Because the LMC is relatively close to Earth and because the explosion was detected so soon after it occurred, SN1987A has provided astronomers with a wealth of detailed information on supernovae, allowing them to make key comparisons between theoretical models and observational reality. By and large, the theory of stellar evolution described in the text has held up very well. Still, SN1987A did hold some surprises.

According to its hydrogen-rich spectrum, the supernova was of Type II—the core-collapse type—as expected for a high-mass parent star such as SK-69° 202. But according to Figure 20.16 (which was computed for stars in our own galaxy), the parent star should have been a red supergiant at the time of the explosion—not a blue supergiant, as was actually observed. This unexpected finding caused theorists to scramble in search of an explanation. It now seems that, relative to young stars in the Milky Way, the parent star's envelope was deficient in heavy elements. This deficiency had little effect on the evolution of the core and on the supernova explosion, but it did change the star's evolutionary track on the H—R diagram. Unlike a Milky Way star of the same mass, once helium ignited in the core of SK-69° 202, the star shrank and looped back toward the main sequence. The star had just begun to return to the right on the H—R diagram following the ignition of carbon, with a surface temperature of around 20,000 K, when the rapid chain of events leading to the supernova occurred.

The light curve of SN1987A, shown here, also differed somewhat from the "standard" Type II shape (see Figure 21.7). The peak brightness was less than 1/10 the expected value.

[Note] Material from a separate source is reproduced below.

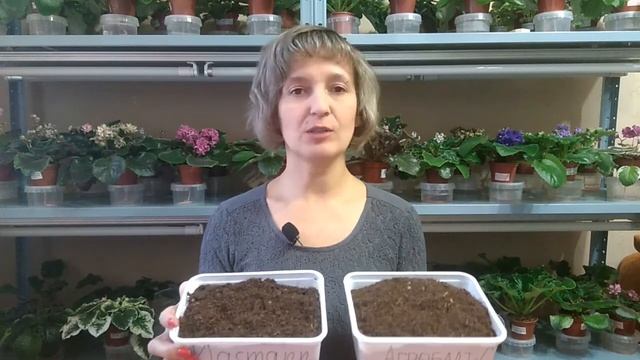 Оптимальный грунт для фиалок. Агробалт против Klasmann смотреть онлайн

For a few days after its initial detection, the supernova faded as it expanded and cooled rapidly. After about a week the surface temperature had dropped to about 5000 K, at which point electrons and protons near the expanding surface recombined into atomic hydrogen, making the surface layers less opaque and allowing more radiation from the interior to leak out. As a result, the supernova brightened rapidly as it grew. The temperature of the expanding layers reached a peak in late May, by which point the radius of the expanding photosphere was about 2 10¹⁰ km—a little larger than our solar system. Subsequently, the photosphere cooled as it expanded, and the luminosity dropped as the internal supply of heat from the explosion leaked away into space.

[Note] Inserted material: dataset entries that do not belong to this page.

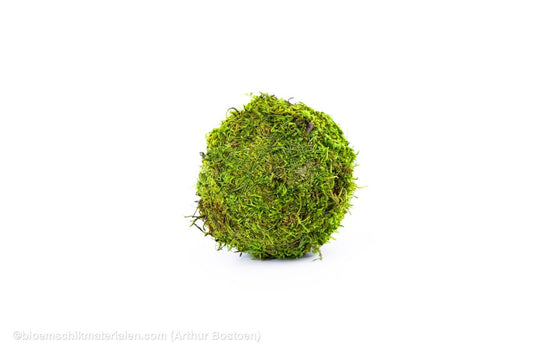 BOL GROEN MOS GECONSERVEERD 10CM - bloemschikmaterialen.com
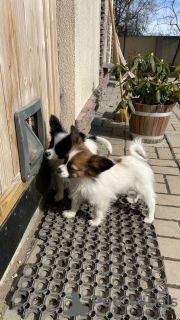 Photo №3. Papillons Puppies Ready. Austria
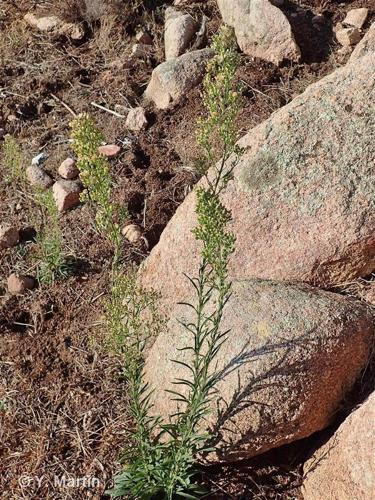 <i>Erigeron sumatrensis</i> Retz., 1810 © 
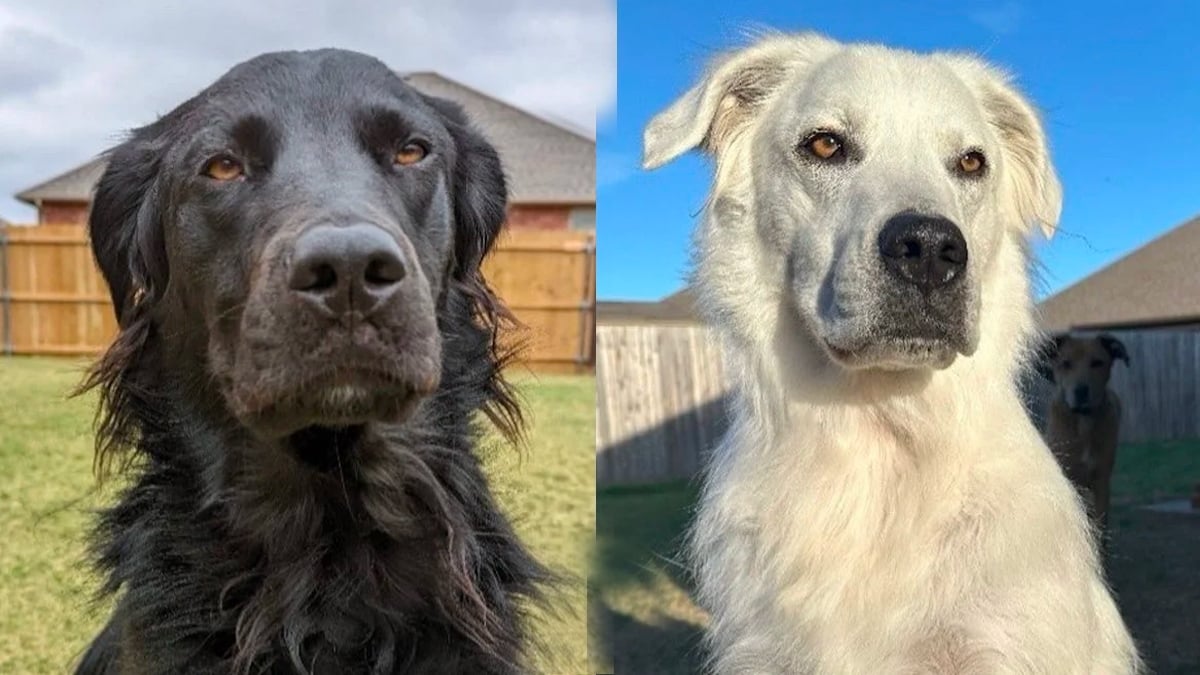 Ce chien au pelage noir est devenu tout blanc, presque du jour au lendemain, en raison d'une maladie insoupçonnable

Much of the preceding description would apply equally well to a Type II supernova in our own Galaxy. The differences between the SN1987A light curve shown here and the Type II light curve in Figure 21.7 are mainly the result of the (relatively) small size of SN1987A's parent star. The peak luminosity of SN1987A was less than that of a "normal" Type II supernova because SK-69° 202 was small and quite tightly bound by gravity. A lot of the energy emitted in the form of

About 20 hours before the supernova was detected optically, a brief (13-second) burst of neutrinos was simultaneously recorded by underground detectors in Japan and the United States. As discussed in the text, the neutrinos are predicted to arise when electrons and protons in the star's collapsing core merge to form neutrons. The neutrinos preceded the light because they escaped during the collapse, whereas the first light of the explosion was emitted only after the supernova shock had plowed through the body of the star to the surface. In fact, theoretical models consistent with these observations suggest that vastly more energy was emitted in the form of neutrinos than in any other form. The supernova's neutrino luminosity was many tens of thousands of times greater than its optical energy output.

Despite some unresolved details in SN1987A's behavior, detection of this neutrino pulse is considered to be a brilliant confirmation of theory. This singular event—the detection of neutrinos—may well herald a new age of astronomy. For the first time, astronomers have received information from beyond the solar system by radiation outside the electromagnetic spectrum.

Theory predicts that the expanding remnant of SN1987A will be large enough to be resolvable by optical telescopes in a few years. The accompanying photograph was taken by the Hubble Space Telescope in late 1996. It shows the unresolved remnant (at center) surrounded by a much larger shell of glowing gas (in yellow). Scientists reason that the progenitor star expelled this shell during its red-giant phase, some 40,000 years before the explosion. The image we see results from the initial flash of ultraviolet light from the supernova hitting the ring and causing it to glow brightly. In about 10 years the debris from the explosion itself will strike the ring, making it a temporary but intense source of X-rays. In 1998, the fastest-moving ejecta already began doing so.

This overexposed photo also shows the core debris moving outward toward the ring. The four insets, taken over a 24-month period, directly resolve material expanding at nearly 3000 km/s. These images also revealed, to everyone's surprise, two additional faint rings (in red) that might be radiation sweeping across the hourglass-shaped bubble of gas. Why the gas should exhibit this odd structure is unclear.

Buoyed by the success of stellar-evolution theory and armed with firm theoretical predictions of what should happen next, astronomers eagerly await future developments in the story of this remarkable object.